There are lots of "lively" threads here about which knot is best between your running line and your shock leader. (double overhand in the shock and uni run through it for the mainline here).


----------



## Virginia_2_Maine (Aug 4, 2015)

went and bought 20 pound fluoro leader for the smaller (6 & 8 pound mono) for the sound side and got 40 pound mono line to tie to my 14 pound mono for the surf. 
now will attempt to tie the leaders to the running line.

will update of success or failure lol


----------



## jcarpenter (Apr 13, 2011)

Is there an easy know for attaching a fluoro leader to braid? I use a double uni to attach like lines, but have not found a good one for 2 different types of line.


----------



## 23mako (Aug 24, 2016)

jcarpenter said:


> Is there an easy know for attaching a fluoro leader to braid? I use a double uni to attach like lines, but have not found a good one for 2 different types of line.

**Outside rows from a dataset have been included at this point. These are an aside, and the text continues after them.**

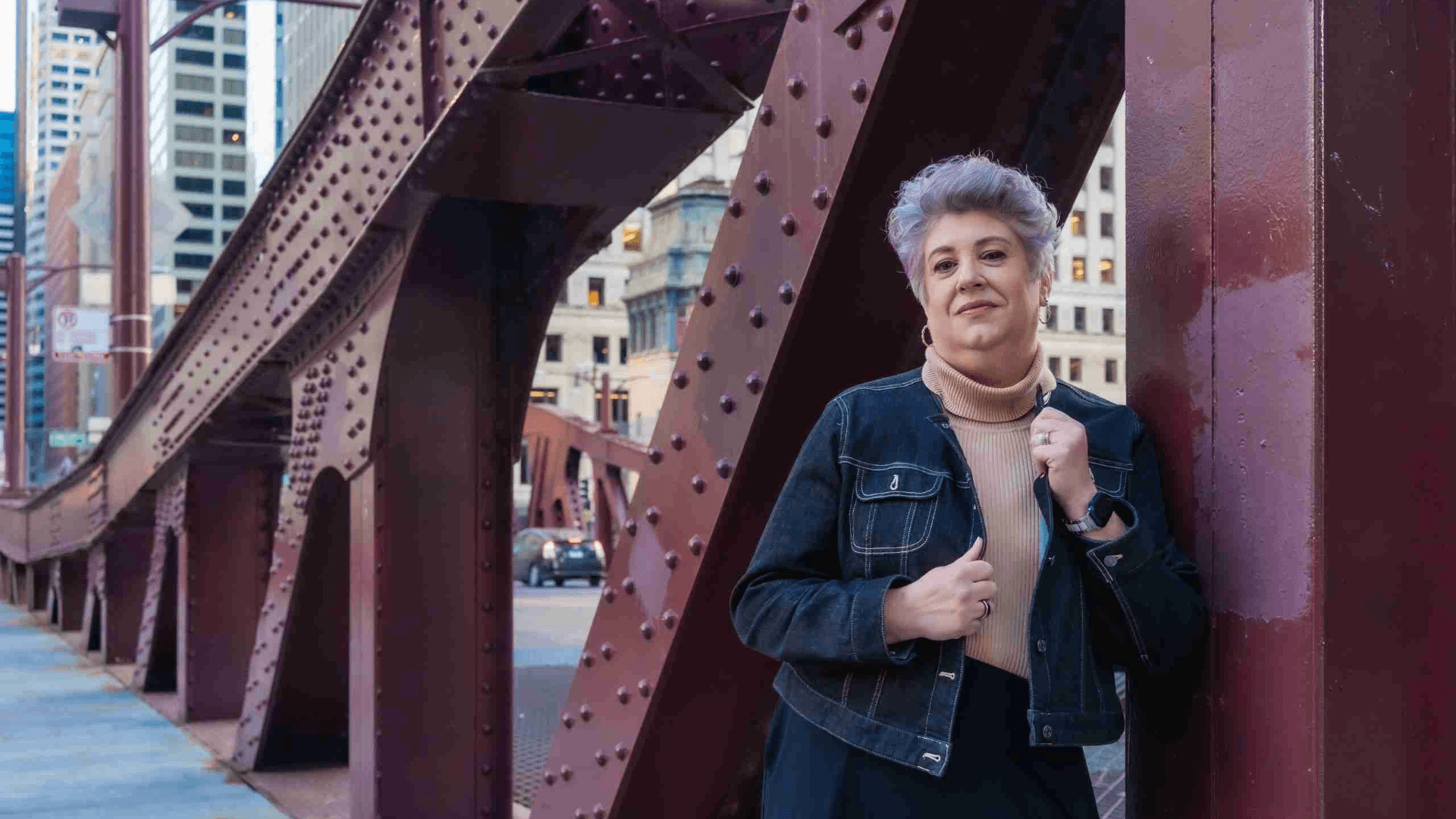 Professional woman standing confidently in an urban setting representing resilient leadership and aligned success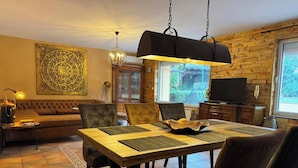 Ein Essbereich mit einem Holztisch, vier Stühlen und einer Kronleuchter. Im Hintergrund befindet sich eine Couch und ein Fernseher.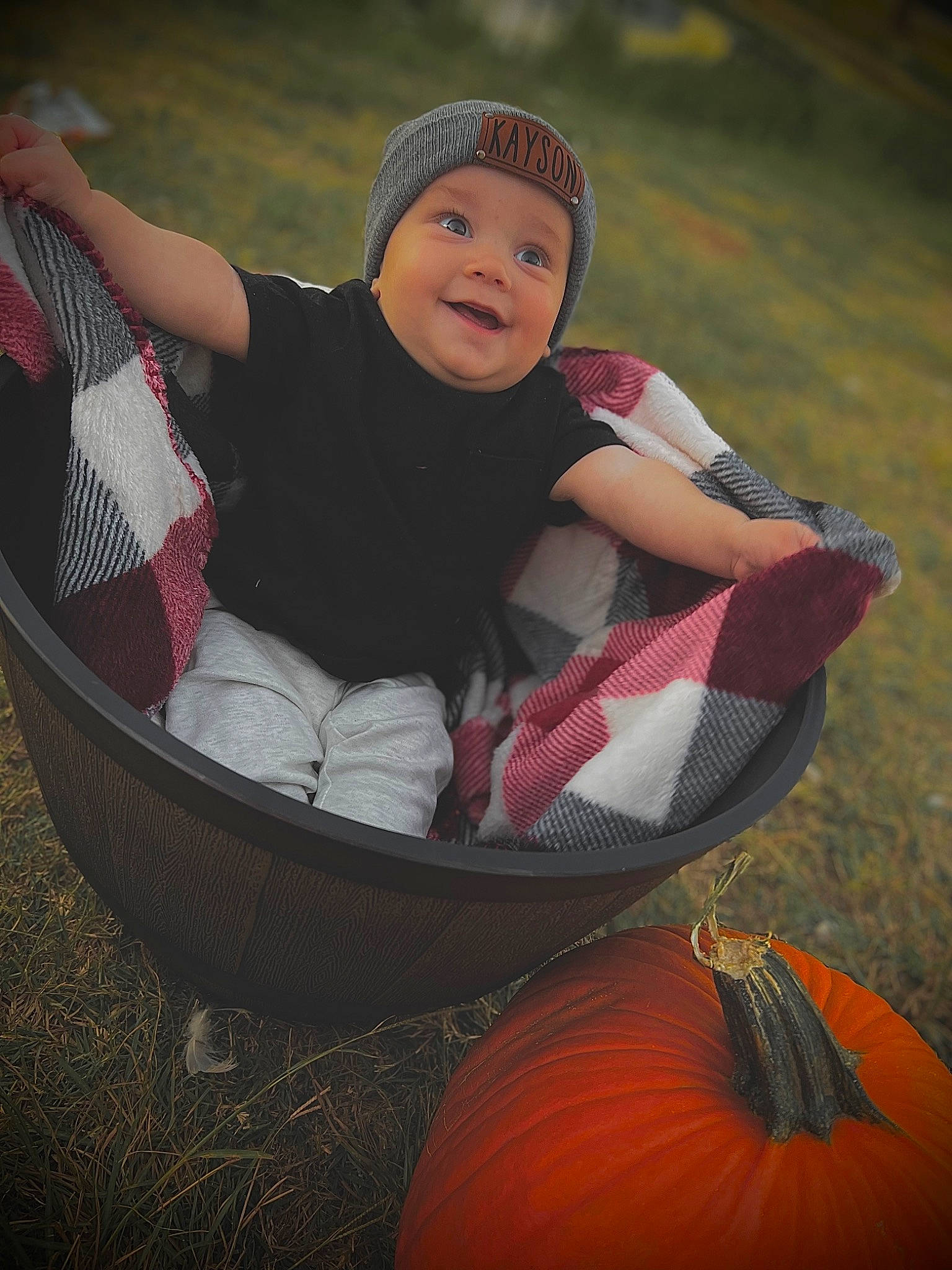 Kayson is registered to the contest to win money with this photo: baby, baby_toddler_clothing, calabaza, chair, cucurbita, flash_photography, gourd, grass, happy, headwear, leisure, people_in_nature, person, plant, pumpkin, recreation, smile, squash, toddler, tree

Double Albright or alberto for braid to mono or fluoro.


----------



## greg12345 (Jan 8, 2007)

i used to use those two but I moved over to red philips knot and like it better, i trust it more than alberto if I am expecting some big pullage

this may be sacrilege but when pomp fishing i have run a 40lb braid casting leader (using spinning gear & breakaway cannon) to a swivel and then my fluoro rig, have caught just fine despite the braid being relatively close to my baits. sometimes when it is real clear i will go to 20 or 30lb clear mono shock loop to loop connection to my bottom rig. i use gemini sinkers these days and only throw 2-3oz and can hold in a hurricane if needed depending on how i set my arm tension on the sinkers...this lets you get away with a power cast with a bottom rig that is only 25 or 30lb fluoro. FM rig is another way to get around this but I like those gemini sinkers


----------



## SmoothLures (Feb 13, 2008)

jcarpenter said:


> Is there an easy know for attaching a fluoro leader to braid? I use a double uni to attach like lines, but have not found a good one for 2 different types of line.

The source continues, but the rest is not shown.